Eigenlijk komt het hier op neer, dat men uit de opstellen van dr Bierens de Haan het nodige kan leren over de plaats van de kunst en haar ‘bedrijfstakken’ in de hiërarchie der waarden van het platonisch-spinozistisch denken; maar omdat men dit even goed uit het ene als uit het andere voorbeeld kan leren, doen de afzonderlijke opstellen meer aan als demonstratie-materiaal, waarvan de les toch altijd dezelfde is. Deze manier om over kunstvoortbrengselen te schrijven maakt de toeschouwer tot maat van alle dingen; men merkt er aan, dat het ‘corps à corps’ van maker en kunstwerk, de soms vulgair-zinnelijke, humoristisch-concrete vereenzelviging van een scheppende mens met het geschapen product aan deze stijl geheel vreemd is gebleven. Hier wordt op fijnzinnige wijze over de kunst gedacht, met grote, oprechte bewondering voor de kunst, uit werkelijke behoefte aan de confrontatie met de kunst, ... maar zonder het intiemst contact met de kunst, want met vooropstelling van ‘den voorrang des begrips’.

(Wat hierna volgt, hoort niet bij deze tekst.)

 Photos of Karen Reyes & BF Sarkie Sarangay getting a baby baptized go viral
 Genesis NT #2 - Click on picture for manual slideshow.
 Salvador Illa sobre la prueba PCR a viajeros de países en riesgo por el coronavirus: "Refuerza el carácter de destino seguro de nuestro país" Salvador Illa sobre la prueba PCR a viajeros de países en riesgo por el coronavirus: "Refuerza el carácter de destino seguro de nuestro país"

Dat laat zich b.v. heel aardig verduidelijken door dit voorbeeld: Bierens de Haan schrijvende over de caricatuur. ‘In den kunstenaar der karikatuur’, zegt hij, ‘is een profetisch, een mefistofelisch en een artistiek motief samenwerkend.’ Dit nu is een typische deductie achteraf; terwijl het hier voorgesteld wordt als zouden in de kunstenaar die drie motieven samenwerken, wordt voor mijn gevoel de qualiteit van de caricatuur

[p. 604]

juist bepaald door een volkomen spontane en verrassende identificatie van het ‘normale’ met iets ‘abnormaals’; men kan daarin wel een aantal motieven van elkaar gaan isoleren, maar alleen... achteraf; zodra het profetische, mephistophelische en artistieke werkelijk met de vinger aangewezen kunnen worden, is uit de caricatuur het specifiek-caricaturale al weggenomen. Men behoeft hieruit dus geenszins af te leiden, dat dr Bierens de Haan over de caricatuur niets weet te vertellen dat de moeite van het lezen waard is; men leide er alleen uit af, dat hij het concrete altijd via het abstracte, het teken altijd via het begrip benadert. Zozeer is hem zijn opvatting van ‘den voorrang des begrips’ tot een tweede natuur geworden, dat de veelheid der kunsten voor hem hoofdzakelijk bestaat om der wille van de Kunst, en de Kunst op haar beurt weer om der wille van het Universum. Met een zekere weemoed neemt men kennis van dit ongeschokt vertrouwen op het begrip als een adelbrief van het mens-zijn, in een tijd van bombastische phraseologie, waarin wij die begripsvoorrang van dr Bierens de Haan gaarne in ruil zouden aanbieden voor een razzia onder de grote woorden, die zich alle de voorrang onder de begrippen trachten aan te matigen.